C'est donc l'histoire d'Oscar Wao, de sa mère, de sa soeur, de son grand-père sans que ce soit réellement l'histoire d'une famille. La vie de ces personnages restent parallèles les unes aux autres, des chapitres comme des nouvelles qui se répondent, s'enchevêtrent, s'éclairent. Ils ont pourtant un point commun, tous racontent Saint Domingue et la vie de l'infâme Trujillo en note de bas de page d'abord puis progressivement dans le corps du texte, comme si l'Histoire rattrapait l'histoire, jusqu'à se confondre avec. Pour les notes de bas de pages, il faut s'habituer, s'organiser même car Diaz use du procédé au maximum. Il y développe les anecdotes et les crimes du dictateur. Après un temps d'adaptation, je trouve que cela fonctionne : comme un bonus on a deux romans pour le prix d'un.
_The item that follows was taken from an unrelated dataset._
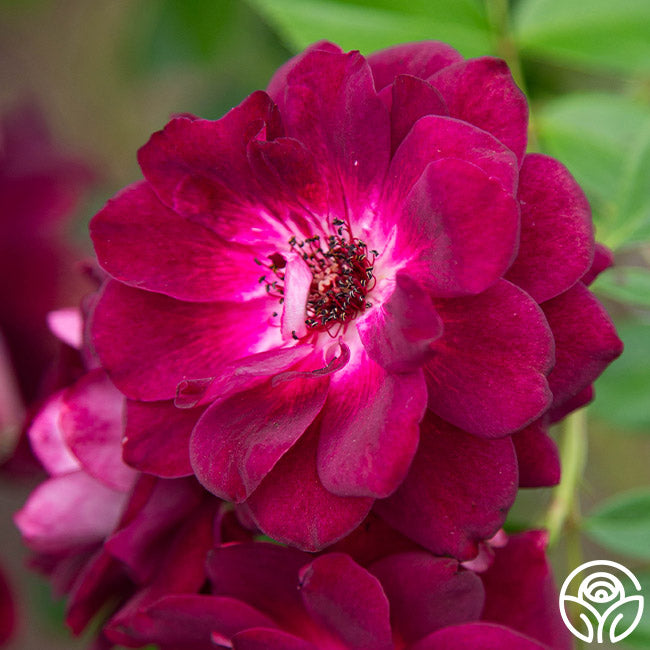 Burgundy Iceberg Rose - Thumbnail 4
Le fil directeur entre les chapitres est le fukù, un mauvais sort de Saint Domingue que la famille de Wao a importé aux Etats-Unis, qui selon Oscar est la cause même de leur exil dans le New Jersey : "Comme vous devez vous en douter, j’ai moi aussi une histoire de fukú. J’aimerais dire que c’est la meilleure d’entre toutes – un fukú de première, mais non. La mienne, c’est pas la plus flippante, la plus éloquente, la plus douloureuse, ni la plus belle. C’est juste celle qui a enroulé ses doigts autour de ma gorge "

J'ai lu ce livre, il y a quelques mois et malgré quelques longueurs, l'histoire tragique de cet adolescent m'a captivé, j'y ai ressenti quelque chose de neuf et de vivant. Au premier abord caricaturaux, les personnages s'incarnent vite, ils sont bien décrits et leur discours sonnent vrais. Ce livre est à la fois un roman d'initiation, un roman historique, une saga familiale et une satire politique. Junot Diaz manie tous ces genres en chef d'orchestre et invente un style hypertextuel très moderne (Note de bas de page, référence aux chapitres précédents). L'écriture est jeune et fraîche (spanglais), la phrase relachée  et la narration se permet beaucoup d'incises et de déconstruction. Il s'autorise même un narrateur improbable : l'ex-beau-frère d'Oscar, ni narrateur omniscient, ni membre de la famille, un entre-deux étrange qui permet un ton et une distanciation originale.

L'auteur écrivait en épigraphe dans Los Boys (10/18) son recueil de nouvelles dont le titre original était Comment sortir une Latina, une Black, une Blonde ou une métisse (Plon) : "Je n’appartiens pas à l’anglais bien que je n’appartienne à nulle part." En fait, ce roman est le reflet de l'identité des immigrants : floue et inclassable.